🌎 You can find different sorts of tax policy design choices in the diverse landscape of LatAm countries today. Roberto Ramos Obando recently covered in Tax Notes the Tax Justice Bill in Honduras, which was proposed by the local government to “ensure a more equitable distribution of the fiscal burden and to enhance the state’s capacity to provide public services to the people living in one of the lowest-income countries in the region and the world” (https://bit.ly/4cJSZM8). We at the Latin American Tax Policy Forum (LATPF) highlighted last year the “Law for the Promotion of Innovation and Technology Manufacturing” in El Salvador, which provides certain tax benefits and exemptions for qualifying projects in a period of up to 15 years (see more information here: https://bit.ly/3ZbfSF4). And in Brazil, tax authorities and practitioners are at the same time dealing with the implementation of the OECD – OCDE Transfer Pricing Guidelines and the secondary “leg” of the Brazilian Indirect Tax reform.

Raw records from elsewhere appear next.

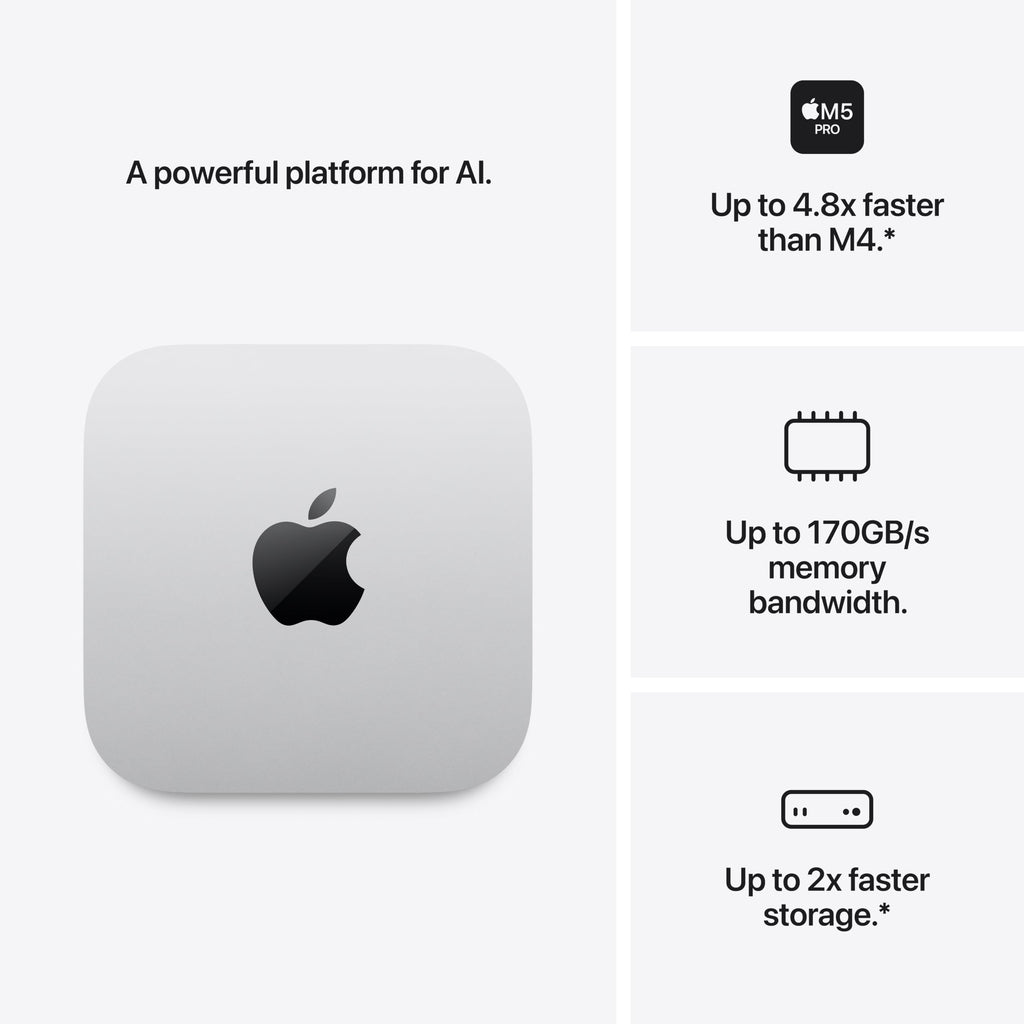 Apple 2026 Mac mini Desktop Computer M6 chip
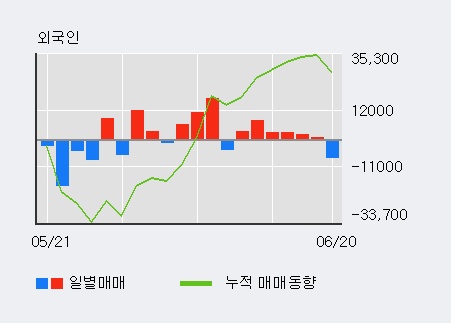 [한경로보뉴스] '사조씨푸드' 5% 이상 상승, 키움증권, 대신증권 등 매수 창구 상위에 랭킹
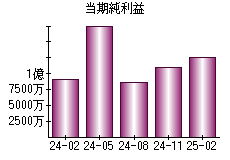 当期純利益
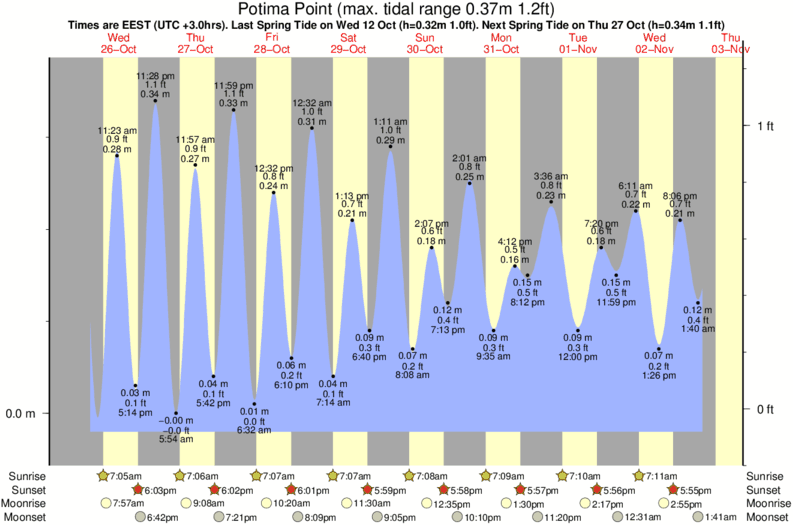 diagramma di marea per Potima Point vicino Helios Bay surf break
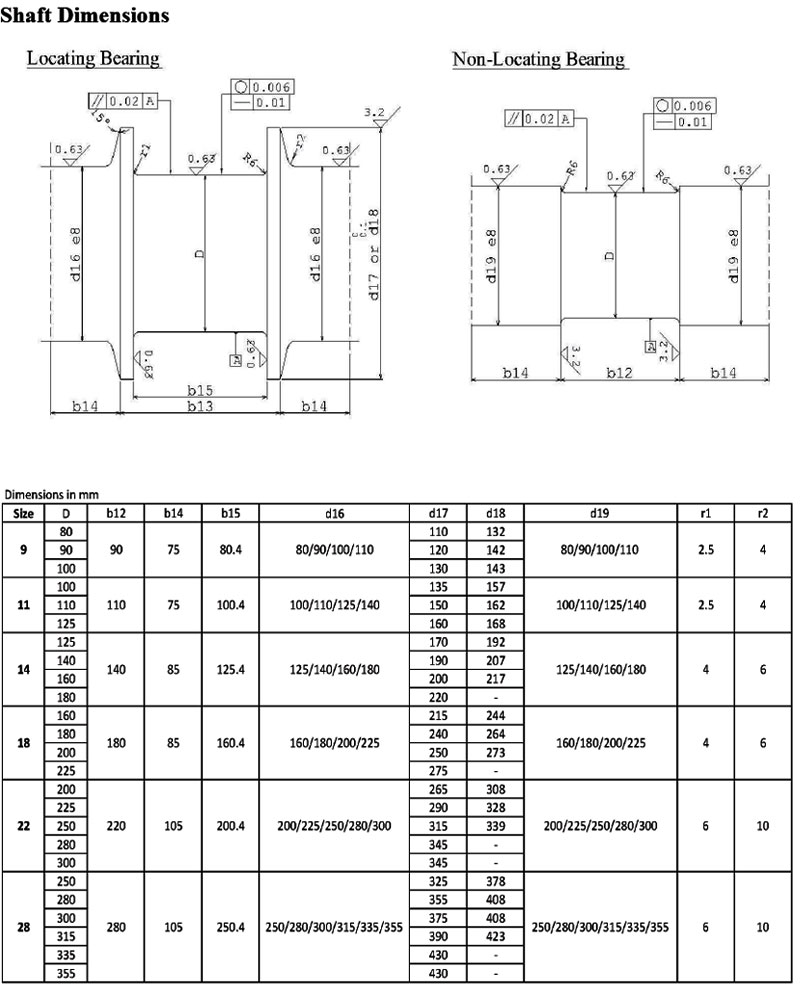 MM Centre Flange Bearings - DIN 31694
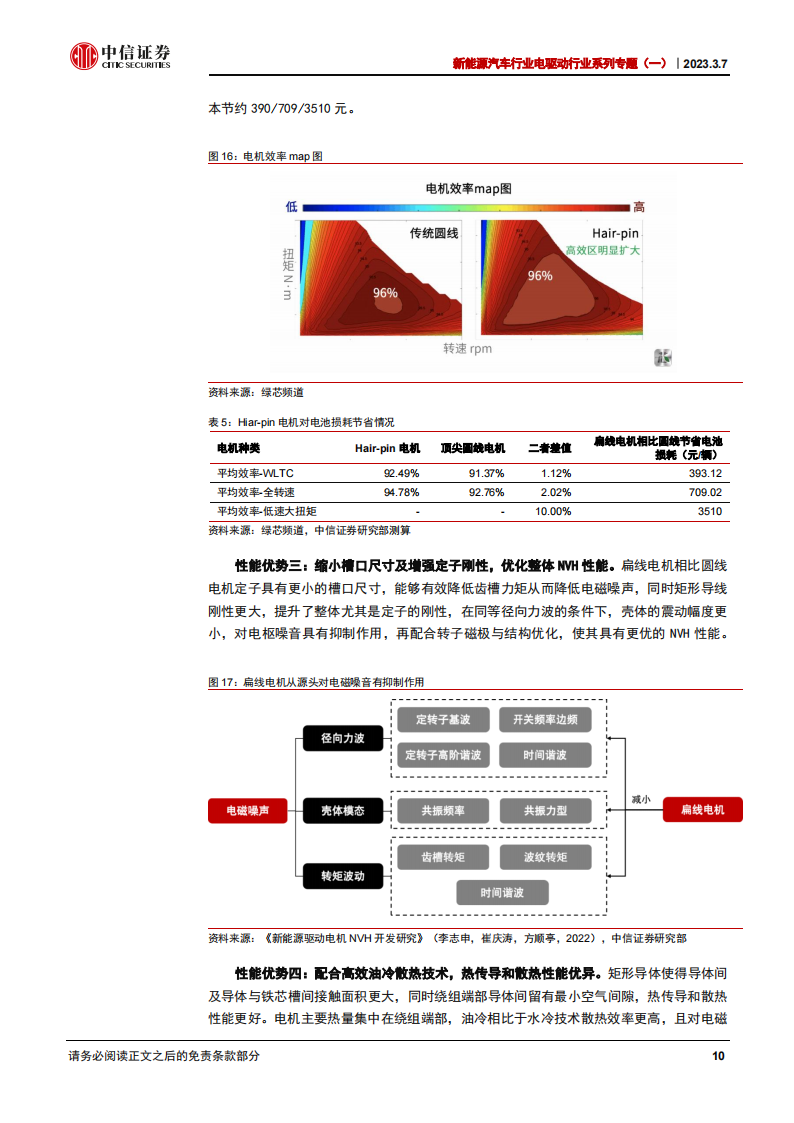 新能源汽车电驱动系统专题报告：聚焦3000亿市场，技术迭代推动降本增效_14.png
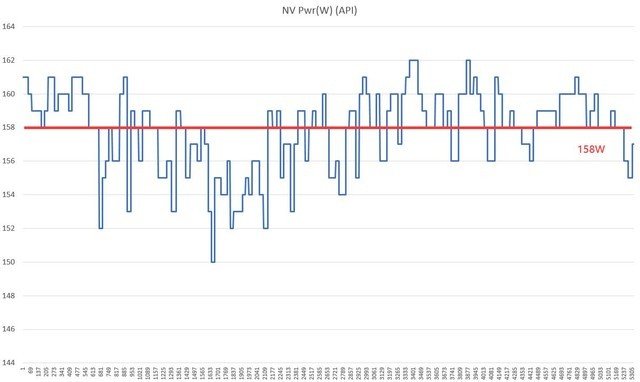 影驰RTX 4060金属大师评测 宇宙魔方 Allspark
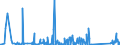 CN 90261029 /Exports /Unit = Prices (Euro/suppl. units) /Partner: Armenia /Reporter: Eur27_2020 /90261029:Electronic Instruments and Apparatus for Measuring or Checking the Flow or Level of Liquids (Excl. Flow Meters, Meters and Regulators)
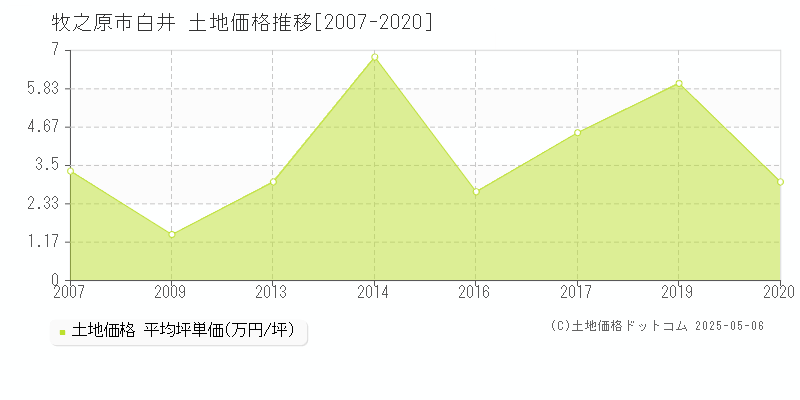 牧之原市白井の土地価格推移グラフ 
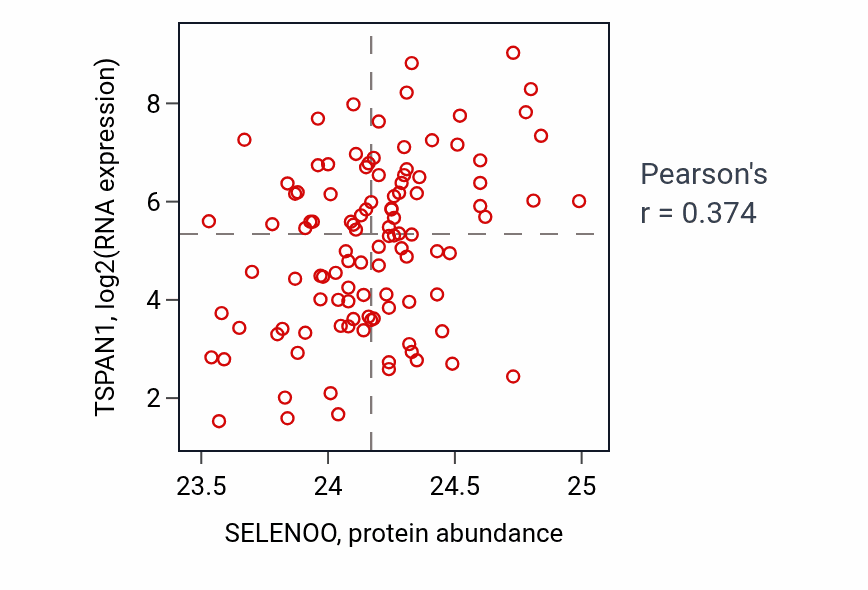 Per-sample scatter of SELENOO vs TSPAN1 in LSCC (Pearson r = 0.37).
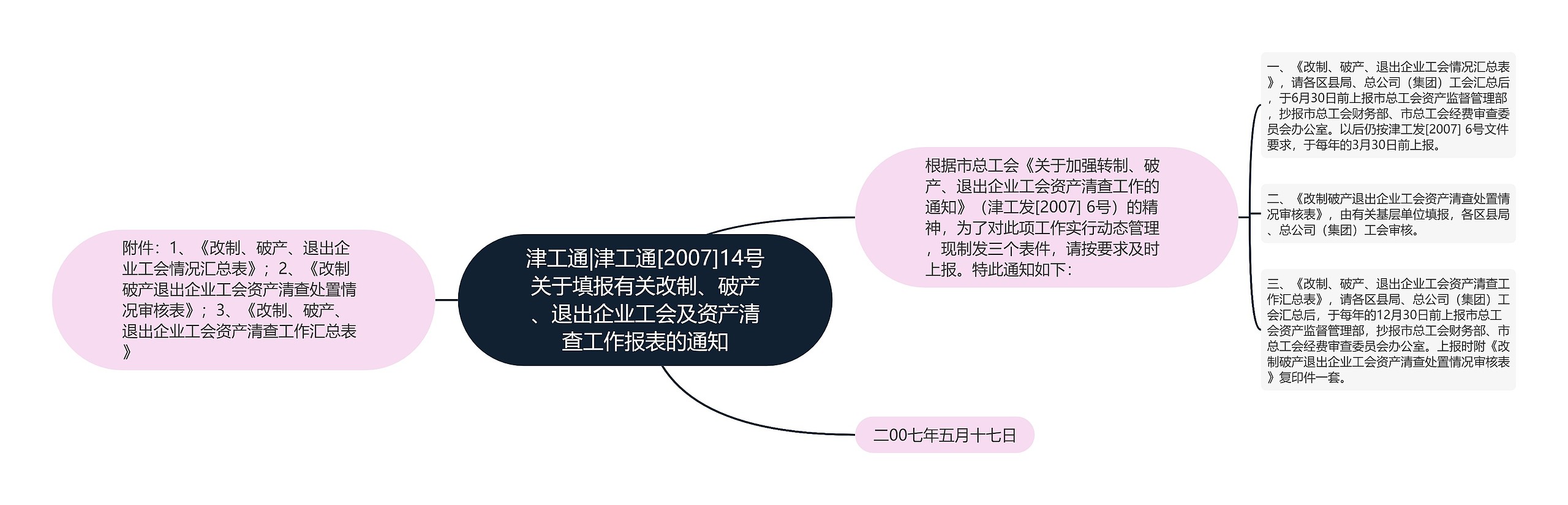 津工通|津工通[2007]14号关于填报有关改制、破产、退出企业工会及资产清查工作报表的通知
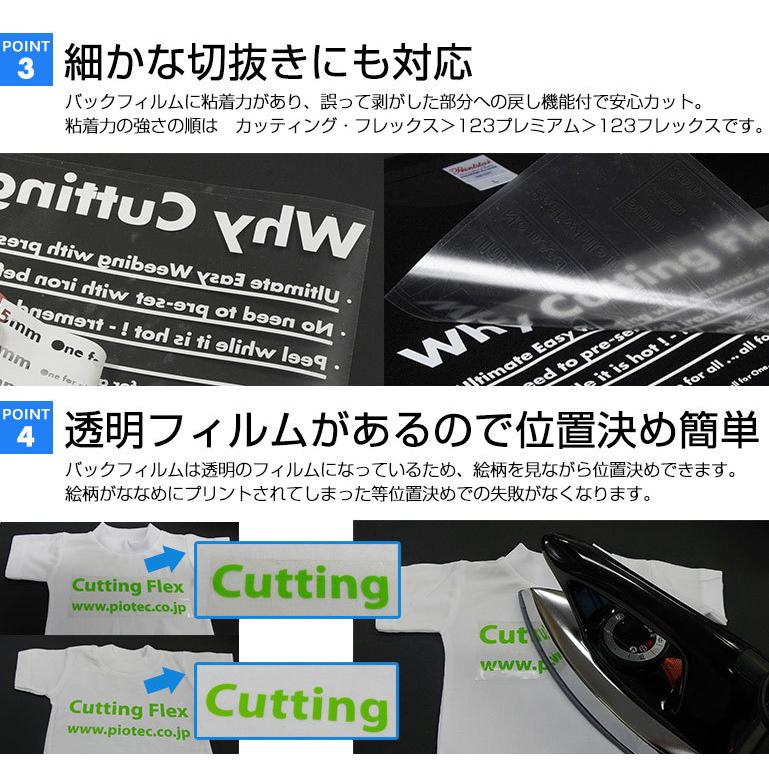 アイロンプリントシート 微細カット-フイルム粘着【強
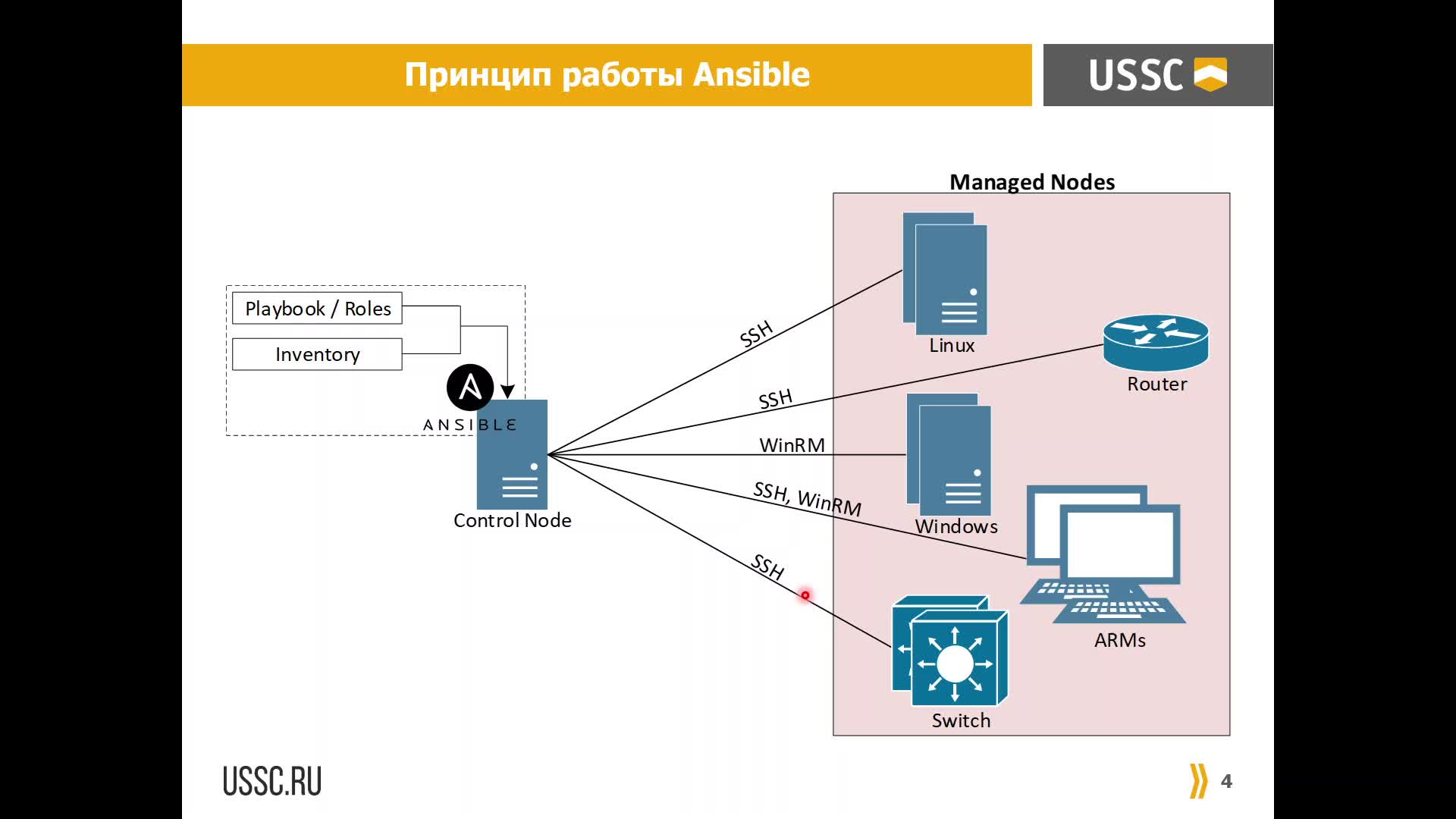 Spech`ka по Ansible (17.12.24)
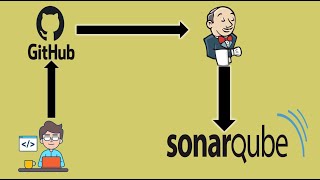 SONARQUBE INTEGRATION WITH JENKINS IN AWS  INTEGRATE SONARQUBE WITH JENKINS CODE QUALITY ANALYSIS [upl. by Arateehc477]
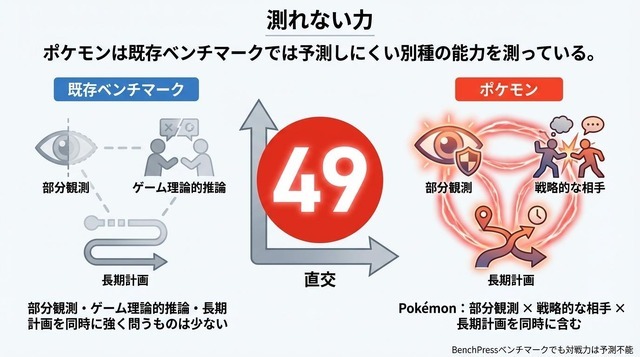 AIは「ポケモンマスター」になれる？2000万対戦データで挑む次世代AIの限界とは……【話題の論文】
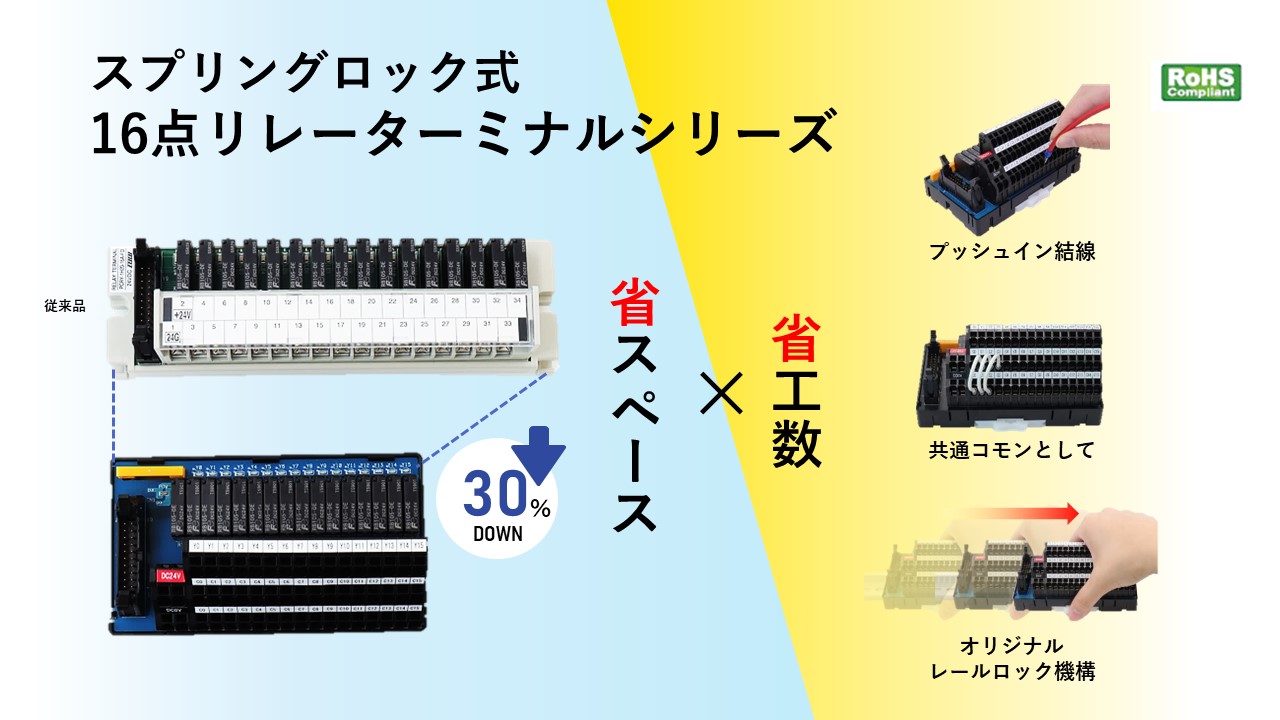 東洋技研、スプリングロック式16点リレーターミナルシリーズを新発売 省スペース×省工数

Posted on Bloomberg Tax today, the article titled “Argentina’s Tax Reforms Aim to Change the Game for Investors” and authored by Juan Manuel Vazquez and Juan Pablo Baumann Aubone describes the main features of the new Argentinian incentive regime for large investments called RIGI (“Regimen de Incentivo para Grandes Inversiones” – the statute is available in Spanish here: https://bit.ly/47denYQ). RIGI carries several tax benefits for foreign investors and it is a part of the government’s efforts to reposition Argentina in the global economy.
As explained by the authors, subnational jurisdictions in Argentina may or may not adhere to RIGI (and this is an important consideration for investors). It is also relevant to note that RIGI will be tested under the OECD – OCDE new Pillar 2 rules – if not by Argentina itself, certainly by other jurisdictions (e.g., EU, Japan, South Korea).